═════ Supplied data ═════

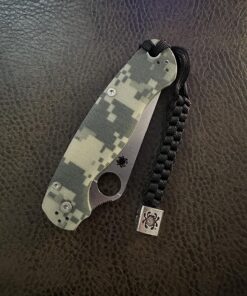 Spyderco - Black Lanyard with Silver Square Bead - Box-Weave Pattern - BEAD1LY 9 81Y9PdkeLyL
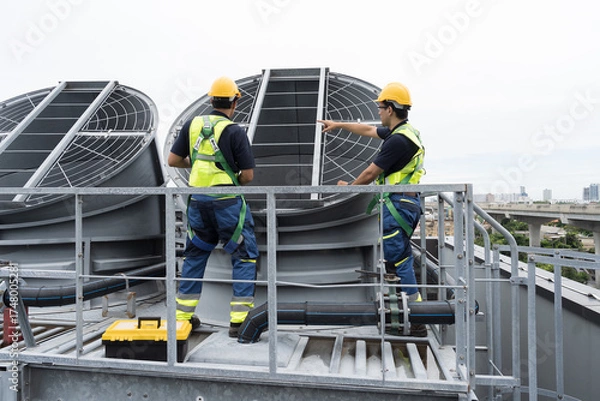 Fototapeta Industry HVAC system. Cooling tower on rooftop. Asian male engineer or technician maintenance and repair of cooling tower on rooftop of building, using handyman tools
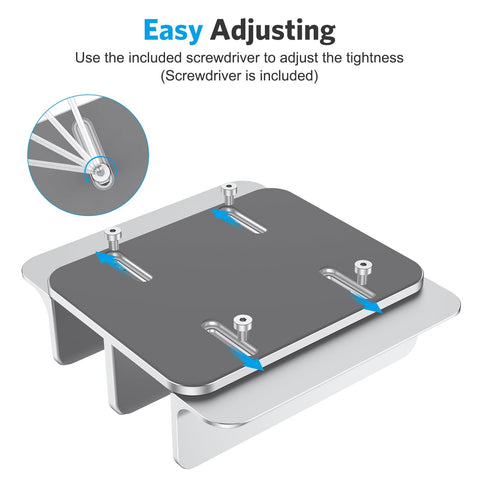 Adjustment screws on Dual Dock Vertical Laptop Stand With Aluminum Desktop Frame, Adjustable Width, Supports Two Laptops Up To 17.3 Inch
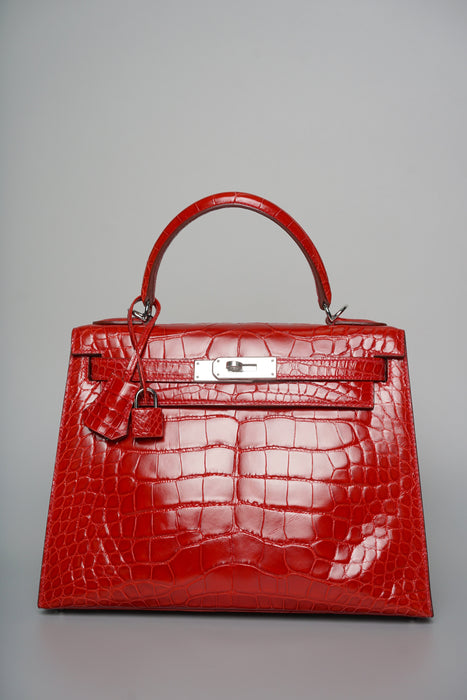 Hermes Kelly 28 in Braise Shiny Alligator Phw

═════

• _Exercise requirements_: Copy exactly, please, the lines that run from the line holding "Fototapeta Industry HVAC" through the closing line of the material above, omitting every picture.

• _Response for this exercise_:
 Fototapeta Industry HVAC system. Cooling tower on rooftop. Asian male engineer or technician maintenance and repair of cooling tower on rooftop of building, using handyman tools
 Adjustment screws on Dual Dock Vertical Laptop Stand With Aluminum Desktop Frame, Adjustable Width, Supports Two Laptops Up To 17.3 Inch
 Hermes Kelly 28 in Braise Shiny Alligator Phw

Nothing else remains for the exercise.